> [Activity]: Please return the full listing exactly as written, with the images removed.

==================================================

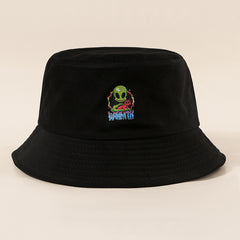 Alien Print Cotton Bucket Hat Man Unisex Visor Sun Hats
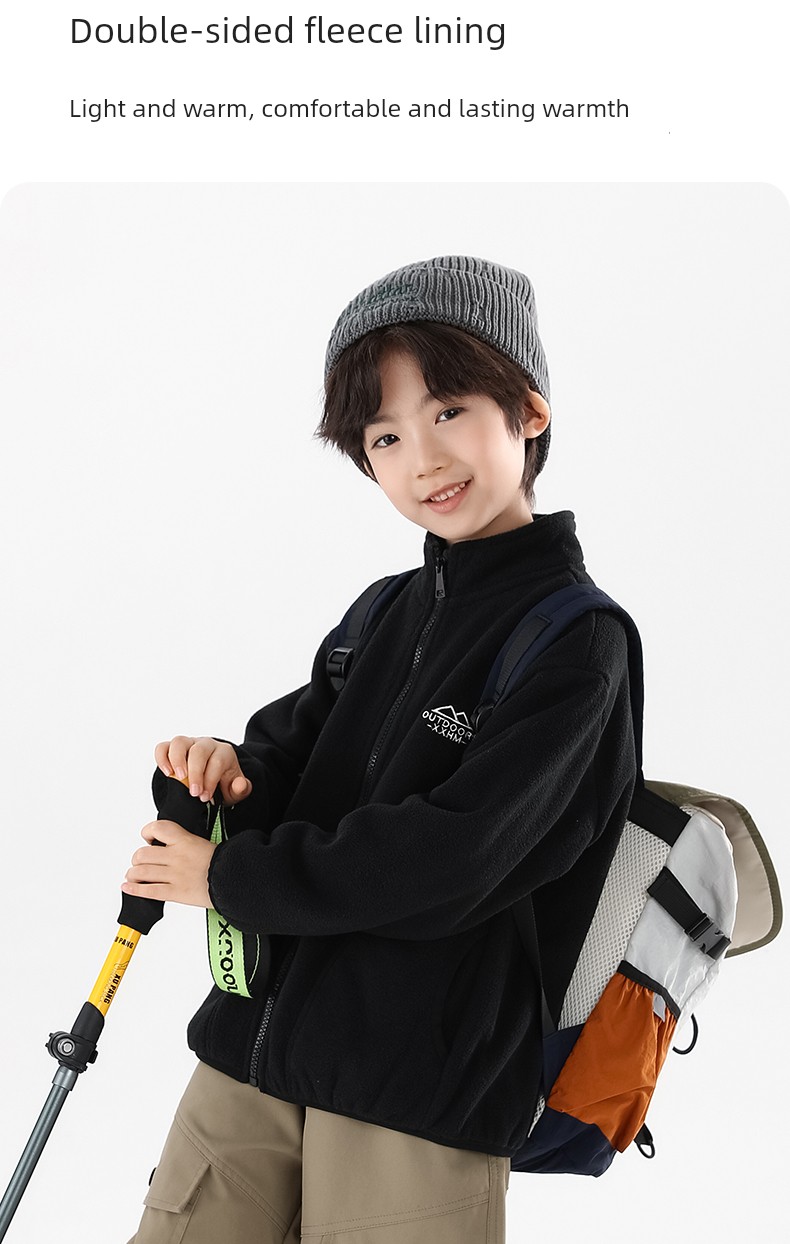 Little Elephant Ham Children's Clothing Kids' Mountain Adventure Softshell Jacket Boys' Waterproof Clothing 2026 Autumn New Trend — 15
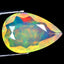 2.45 ct Eye-opening Pear (13.56 x 9.22 mm) Multicolor Welo Rainbow Opal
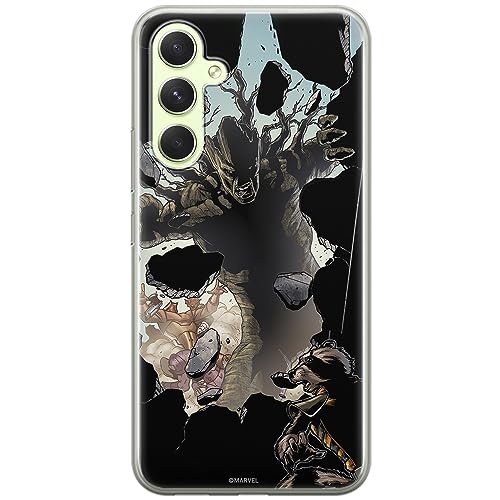 Etui Strażnicy Galaktyki 005 Marvel Nadruk pełny Czarny Producent: Samsung, Model: A54 5G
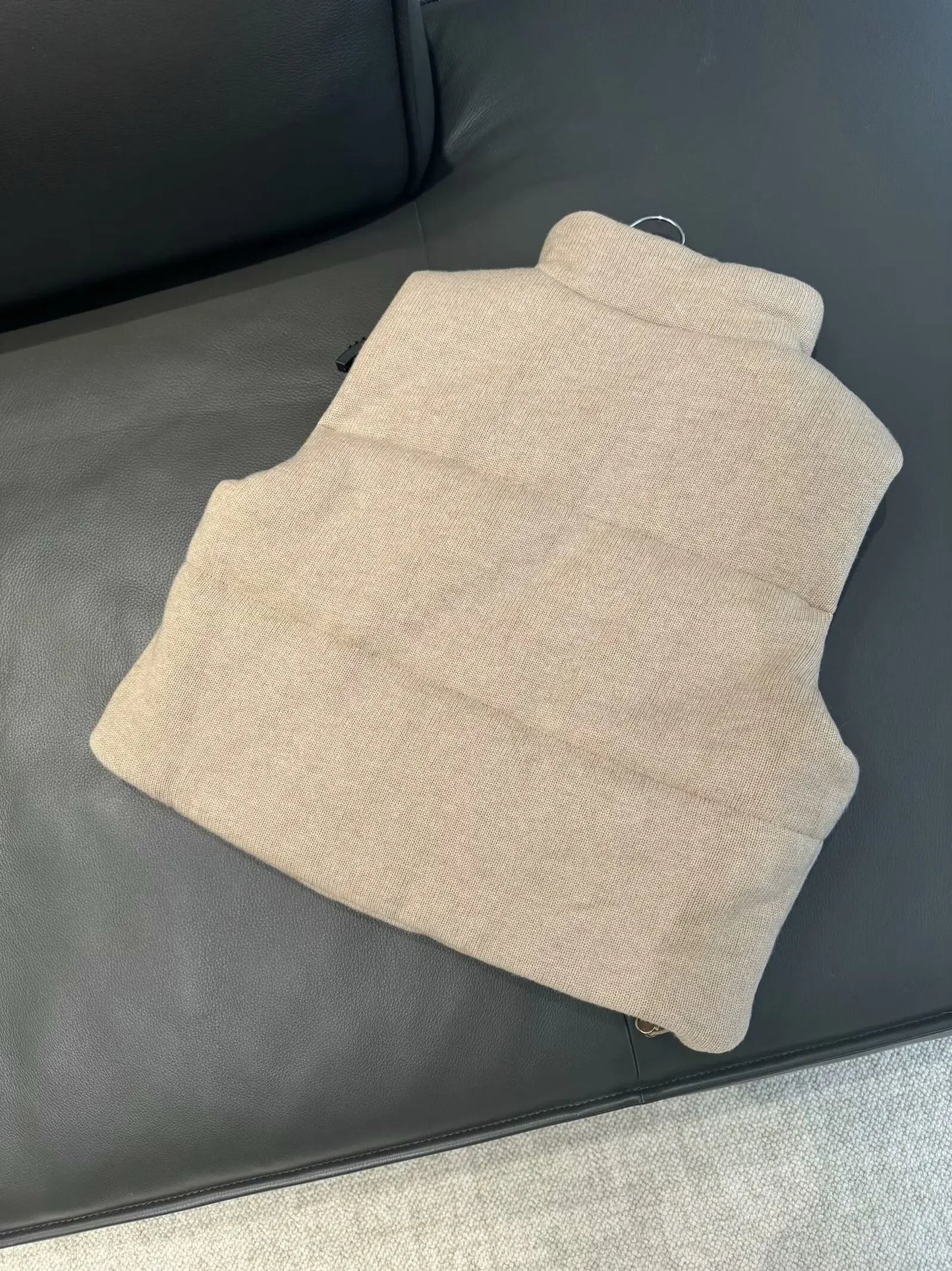 Women's new fashion side pocket short stand collar knitted cotton vest coat retro sleeveless zipper women's vest chic top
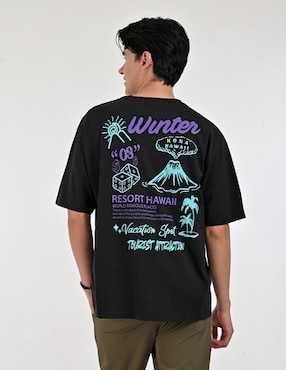 Playera Supply cuello redondo para hombre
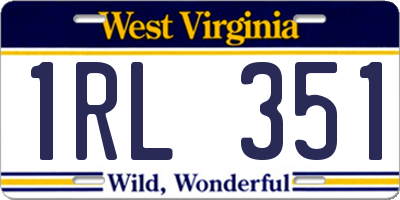 WV license plate 1RL351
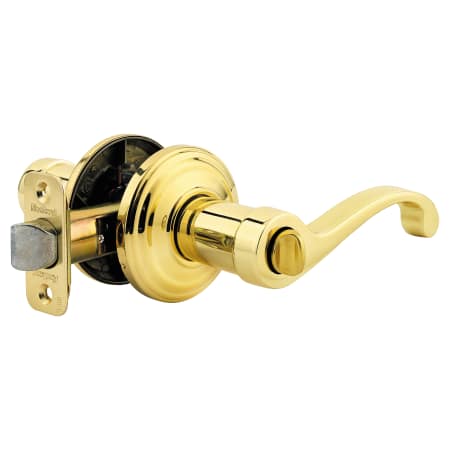 A large image of the Kwikset 740CHL-S Polished Brass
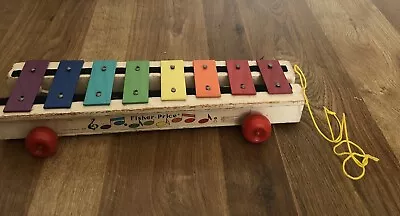 Buy Vintage Fisher-Price Pull-A-Tune #870 Xylophone Pull A Long Musical Toy 1964 • 5.50£
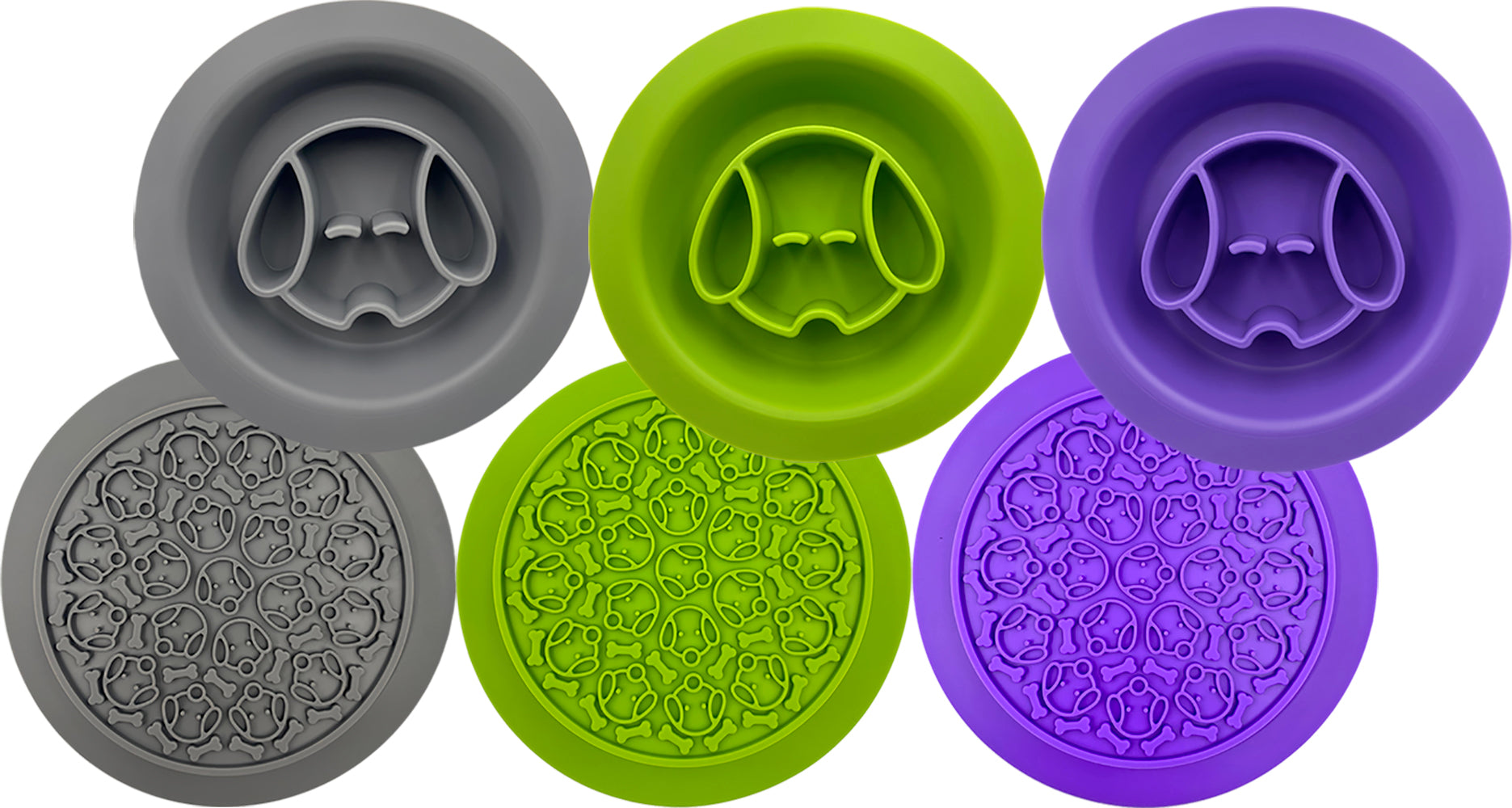 Hem & Boo Slow Feeding Bowl & Lick Treat Bowl All in One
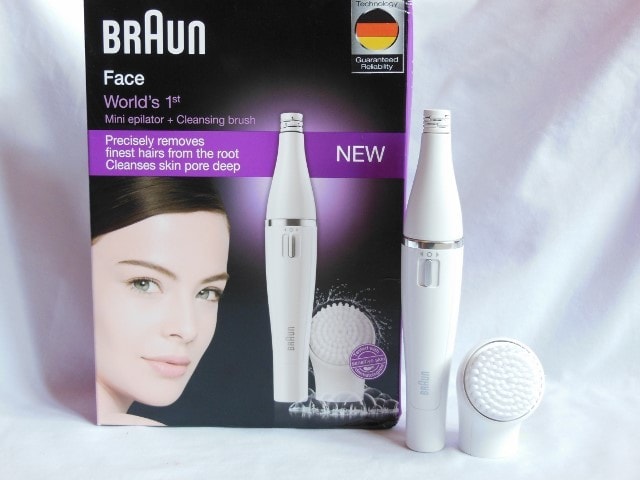 Braun Face Mini Epilator with Cleansing Brush 810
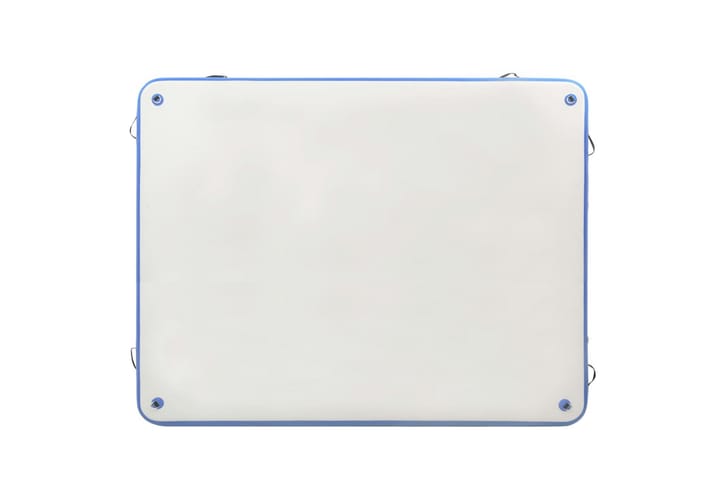 Täytettävä kelluva lautta sinivalkoinen 300x300x15 cm - Uima-allaslelut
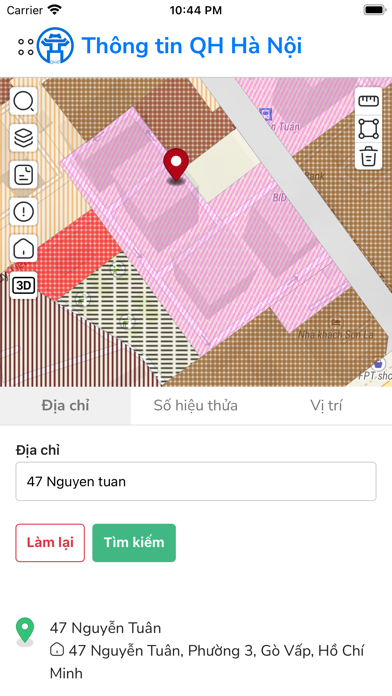 Thông tin quy hoạch Screenshot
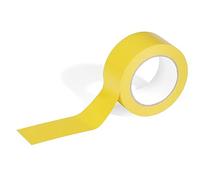 Durable Nastro di Segnalazione DURALINE BASIC, giallo, 104404 | Nastro adesivo per marcatura temporanea, 50 mm x 33 m, in PVC flessibile con adesivo in gomma, per interni e superfici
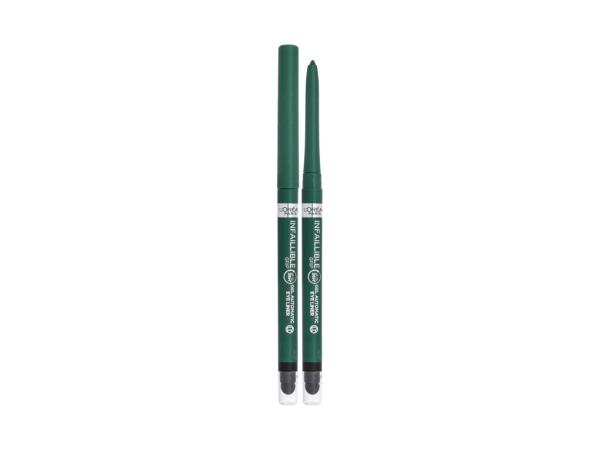 L'Oréal Paris Infaillible Grip 36H Gel Automatic Eye Liner 008 Emerald Green (W) 1,2g, Ceruzka na oči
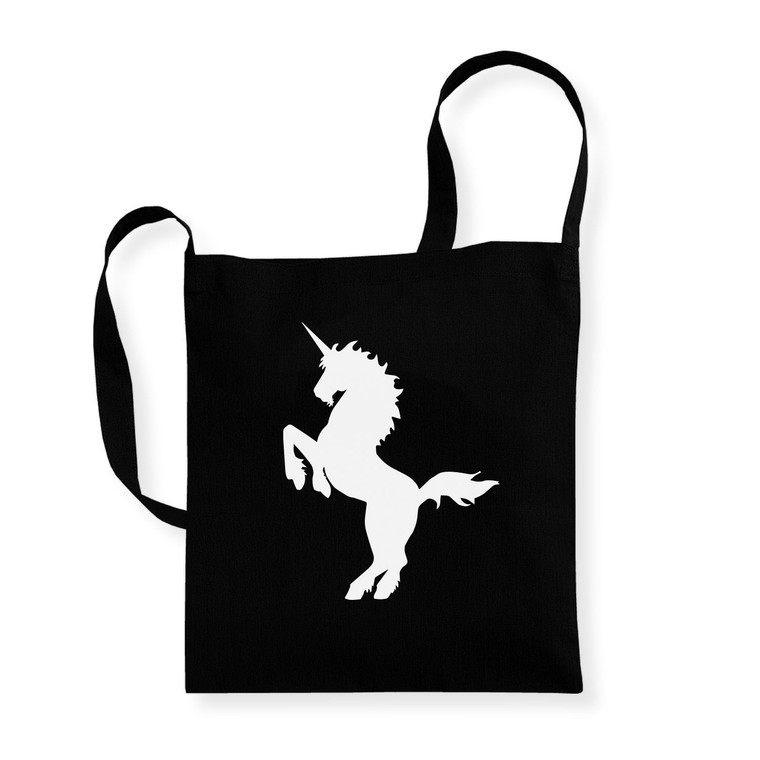 Unicorn Silhouette - Cotton Sling Bag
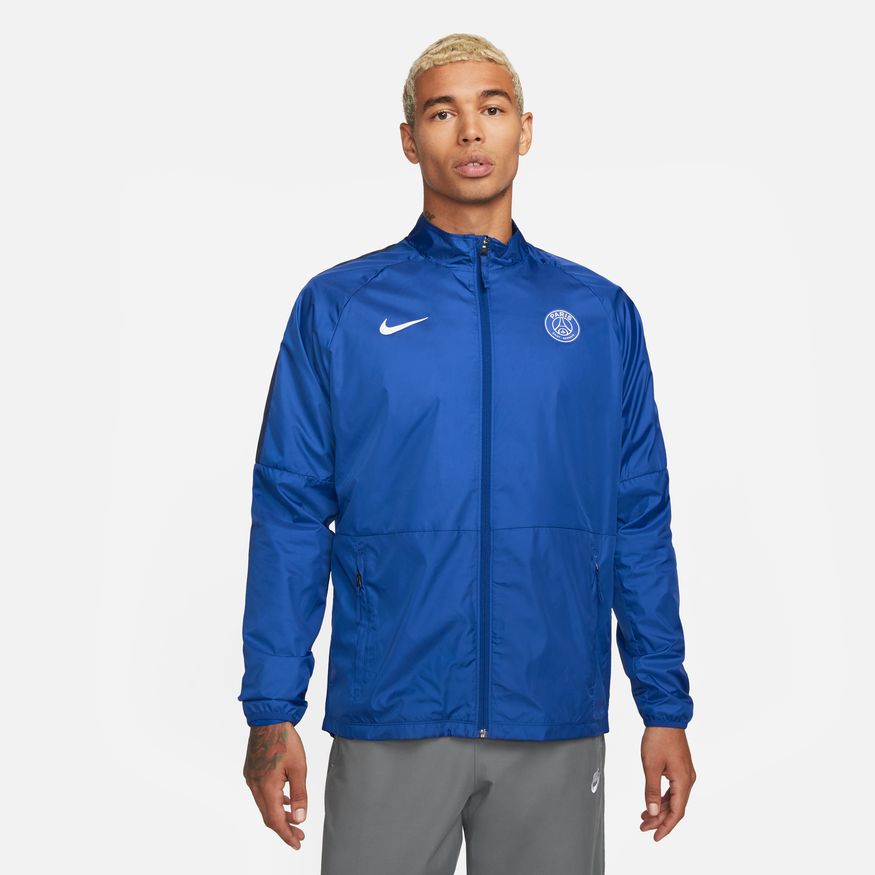 FootKorner TestingVeste Coupe-Vent PSG Repel Academy - Bleu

==================================================

> [Solution to this task]:
 Alien Print Cotton Bucket Hat Man Unisex Visor Sun Hats
 Little Elephant Ham Children's Clothing Kids' Mountain Adventure Softshell Jacket Boys' Waterproof Clothing 2026 Autumn New Trend — 15
 2.45 ct Eye-opening Pear (13.56 x 9.22 mm) Multicolor Welo Rainbow Opal
 Etui Strażnicy Galaktyki 005 Marvel Nadruk pełny Czarny Producent: Samsung, Model: A54 5G
 Women's new fashion side pocket short stand collar knitted cotton vest coat retro sleeveless zipper women's vest chic top
 Playera Supply cuello redondo para hombre
 WV license plate 1RL351
 A large image of the Kwikset 740CHL-S Polished Brass
 Buy Vintage Fisher-Price Pull-A-Tune #870 Xylophone Pull A Long Musical Toy 1964 • 5.50£
 Hem & Boo Slow Feeding Bowl & Lick Treat Bowl All in One
 Braun Face Mini Epilator with Cleansing Brush 810
 Täytettävä kelluva lautta sinivalkoinen 300x300x15 cm - Uima-allaslelut
 Thông tin quy hoạch Screenshot
 Durable Nastro di Segnalazione DURALINE BASIC, giallo, 104404 | Nastro adesivo per marcatura temporanea, 50 mm x 33 m, in PVC flessibile con adesivo in gomma, per interni e superfici
 L'Oréal Paris Infaillible Grip 36H Gel Automatic Eye Liner 008 Emerald Green (W) 1,2g, Ceruzka na oči
 Unicorn Silhouette - Cotton Sling Bag
 FootKorner TestingVeste Coupe-Vent PSG Repel Academy - Bleu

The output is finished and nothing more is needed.